The Australian Signals Directorate (ASD), an intelligence agency, this week revealed details of a data breach at a defence subcontractor which started in July last year.

The hack was not detected until November. The government described the information stolen – about Australia’s warplanes and navy ships – as “commercially sensitive” but not classified.

The details were released through the technology news website ZDNet on Wednesday.

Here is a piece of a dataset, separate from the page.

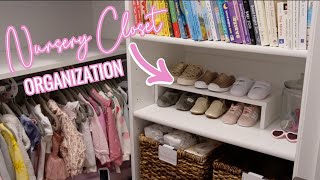 ORGANIZING OUR BABY GIRL'S CLOSET // Nursery Closet Makeover for Baby #3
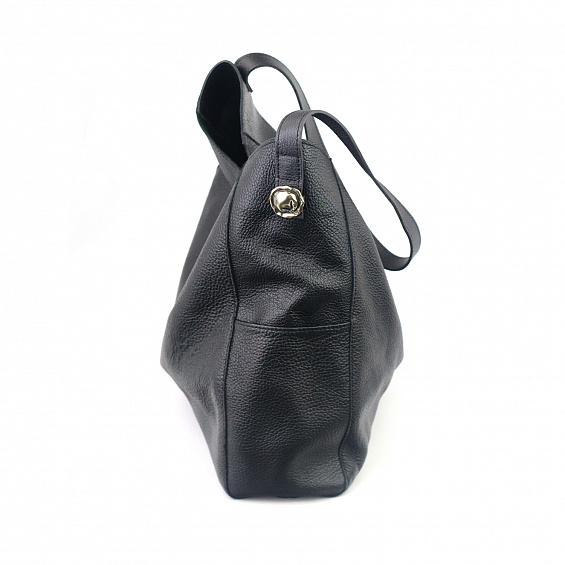 Шоппер с пельменем черный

ASD revealed that the subcontractor, a small firm employing about 50 people, was using software that hadn’t been updated for 12 months as well as default username-password combinations, “admin-admin” and “guest-guest”.

ASD said access was initially gained by exploiting a 12-month-old vulnerability in the company’s IT Helpdesk Portal, which was mounting the company’s file server using the Domain Administrator account.

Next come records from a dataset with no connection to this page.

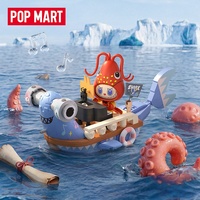 Vente en gros de boîtes mystères authentiques POPMART, ensemble de blocs de construction Labubu Mermaid Search, jouet de collection tendance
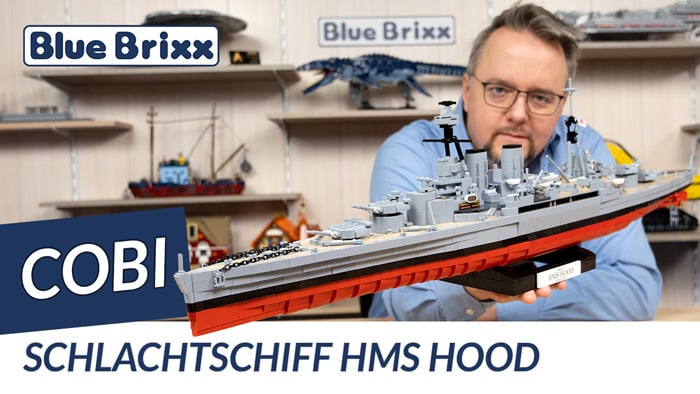 Youtube: Schlachtschiff HMS Hood von Cobi @ BlueBrixx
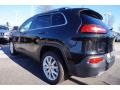 2016 Brilliant Black Crystal Pearl Jeep Cherokee Limited  photo #2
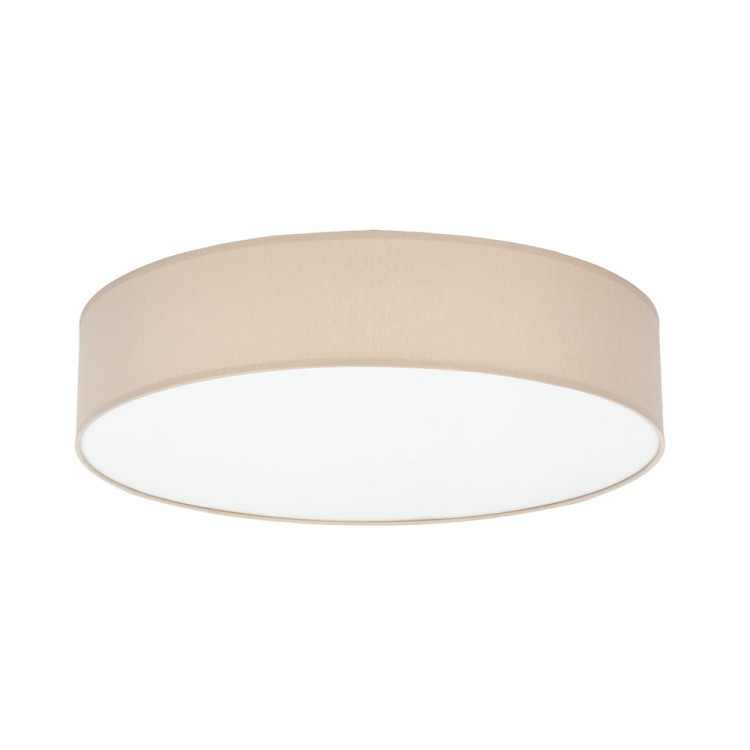 RONDO BEŻOWE Lampa sufitowa 4 PŁ 600 4433 TK Lighting Biały Beżowy, Biały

Lateral movement using those same credentials eventually gave the attacker access to the domain controller and the remote desktop server, and to email and other sensitive information.

The incident was flagged on Tuesday by the minister for cyber security, Dan Tehan. It has been reported that a hacking tool known as the “Chinese Chopper” was used.

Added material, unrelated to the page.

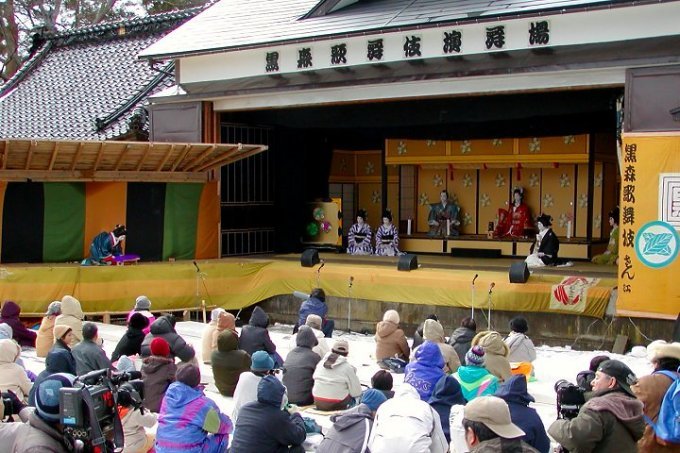 雪中芝居 黒森歌舞伎 潮風香る街から 雪中芝居 黒森歌舞伎 潮風香る街から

Information Age reported a comment on the news by Stephen Burke, founder and CEO at Cyber Risk Aware, who said: “Yet again another example of “IT Admin” not carrying out IT Security best practices but more importantly other large firms not carrying out adequate third-party risk assessments.

“One IT admin who had only been in the job 9 months speaks for itself and if the large company had carried out a valid third party risk assessment in the first place they would not have sent the data at all.”